Each of the following is an “Event of Default”:
(1) default for 30 days in the payment when due of interest on, or Special Interest, if any, with respect to, the Notes;
(2) default in the payment when due (at maturity, upon redemption or otherwise) of the principal of, or premium, if any, on, the Notes;
(3) failure by the Company or any of its Restricted Subsidiaries to comply with the provisions of Section 5.01 hereof;
(4) failure by the Company or any of its Restricted Subsidiaries to comply with Section 4.03 hereof for 90 days after written notice to the Company by the Trustee or the Holders of at least 25% in aggregate principal amount of the Notes then outstanding;
(5) [Intentionally omitted];
5
(6) [Intentionally omitted];
(7) [Intentionally omitted];
(8) the Company:
(a) commences a voluntary case;
(b) consents to the entry of an order for relief against it in an involuntary case;
(c) consents to the appointment of a custodian of it or for all or substantially all of its property;
(d) makes a general assignment for the benefit of its creditors; or
(e) generally is not paying its debts as they become due;
(9) a court of competent jurisdiction enters an order or decree under any Bankruptcy Law that:
(a) is for relief against the Company in an involuntary case;
(b) appoints a custodian of the Company for all or substantially all of the property of the Company; or
(c) orders the liquidation of the Company; and the order or decree remains unstayed and in effect for 60 consecutive days; and
(10) [Intentionally omitted].
Section 1.02 Amendment of Definitions. Subject to Section 2.01 hereof, any defined terms present in the Indenture or the Notes but no longer used as a result of the amendments made by this Supplemental Indenture are hereby eliminated. The definition of any defined term used in the Indenture or the Notes where such definition is set forth in any of the sections or subsections that are eliminated by this Supplemental Indenture and the term it defines is still used in the Indenture or the Notes after the amendments hereby become operative shall be deemed to become part of, and defined in, Section 1.01 of the Indenture. Such defined terms are to be in alphanumeric order within Section 1.01 of the Indenture.
ARTICLE 2
MISCELLANEOUS
Section 2.01 Effect and Operation of Supplemental Indenture. This Supplemental Indenture shall be effective and binding immediately upon its execution by the Company, the Guarantors and the Trustee, and thereupon this Supplemental Indenture shall form a part of the Indenture for all purposes, and every Note and Note Guarantee heretofore or hereafter authenticated and delivered under the Indenture shall be bound hereby; provided however, notwithstanding anything in the Indenture or this Supplemental Indenture to the contrary, the amendments set forth in Sections 1.01 and 1.02 of this
6
Supplemental Indenture shall become operative only upon and simultaneously with, and shall have no force and effect prior to, the Company’s payment for Notes validly tendered (and not validly withdrawn) pursuant to the Offer on the Settlement Date following the Early Tender Deadline (such date of payment, the “Payment Date”). The Company shall provide written notice to the Trustee of the occurrence of the Payment Date, or if for any reason this Supplemental Indenture shall not become operative. If the Offer is terminated or withdrawn, or the Company does not accept for purchase, and pay for, the Notes for any reason, this Supplemental Indenture shall not become operative. Except as modified and amended by this Supplemental Indenture, all provisions of the Indenture shall remain in full force and effect.

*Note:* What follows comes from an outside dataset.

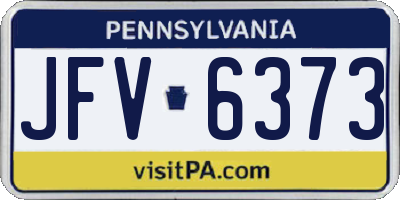 PA license plate JFV6373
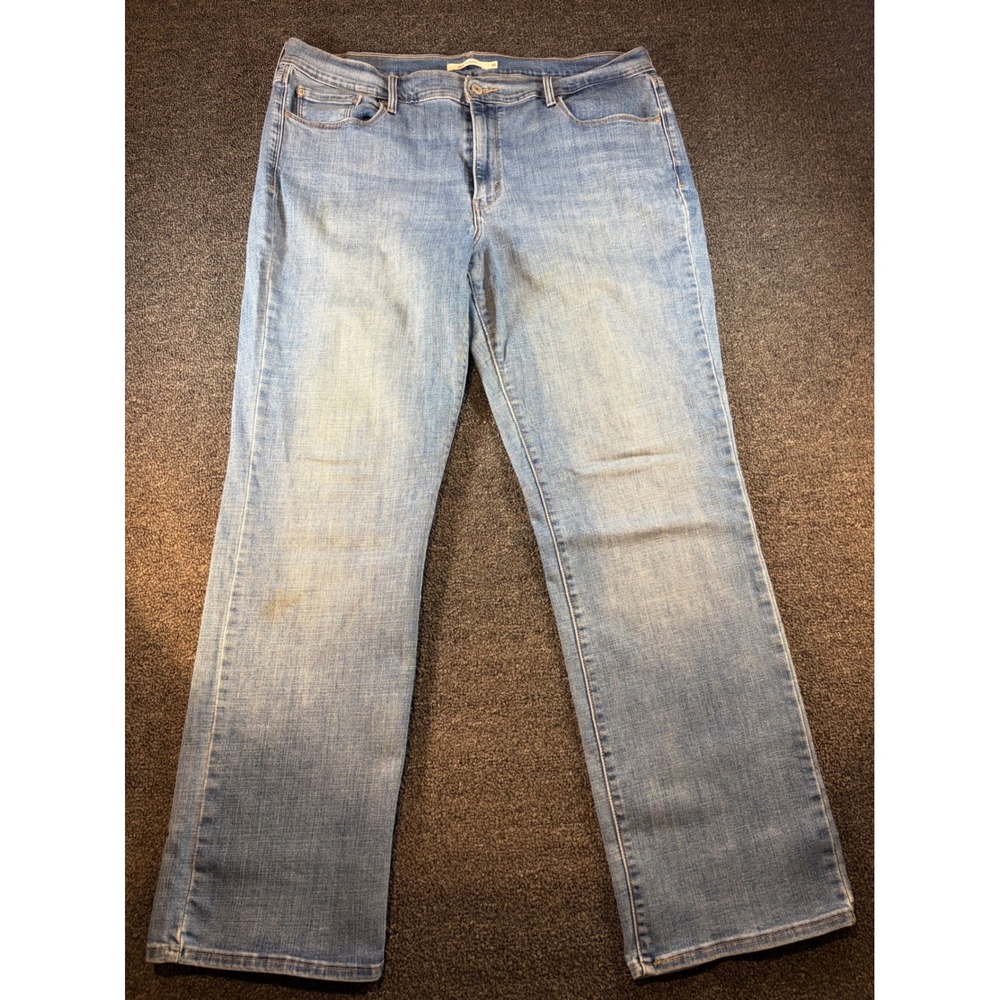 Levis 505 Straight Leg Jeans Womens 18 Light Wash Blue Denim Mid Rise Pants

Section 2.02 Indenture and Supplemental Indenture Construed Together. This Supplemental Indenture is an indenture supplemental to, and in implementation of, the Indenture, and the Indenture and this Supplemental Indenture shall henceforth be read and construed together.
Section 2.03 Trust Indenture Act Controls. If any provision of the Indenture, as amended by this Supplemental Indenture, limits, qualifies or conflicts with the duties imposed by TIA § 318(c), the imposed duties shall control.
Section 2.04 GOVERNING LAW. THE INTERNAL LAW OF THE STATE OF NEW YORK SHALL GOVERN AND BE USED TO CONSTRUE THIS SUPPLEMENTAL INDENTURE WITHOUT GIVING EFFECT TO APPLICABLE PRINCIPLES OF CONFLICTS OF LAW TO THE EXTENT THAT THE APPLICATION OF THE LAWS OF ANOTHER JURISDICTION WOULD BE REQUIRED THEREBY.
Section 2.05 Successors. All agreements of the Company in the Indenture, as amended by this Supplemental Indenture, and the Notes shall bind its successors. All agreements of the Trustee in the Indenture, as amended by this Supplemental Indenture, shall bind its successors. All agreements of each Guarantor in the Indenture and Note Guarantees, as supplemented by this Supplemental Indenture, shall bind its successors, except as otherwise provided in Section 11.06 of the Indenture.
Section 2.06 Severability. In case any provision in the Indenture, as amended by this Supplemental Indenture, or in the Notes is invalid, illegal or unenforceable, the validity, legality and enforceability of the remaining provisions shall not in any way be affected or impaired thereby.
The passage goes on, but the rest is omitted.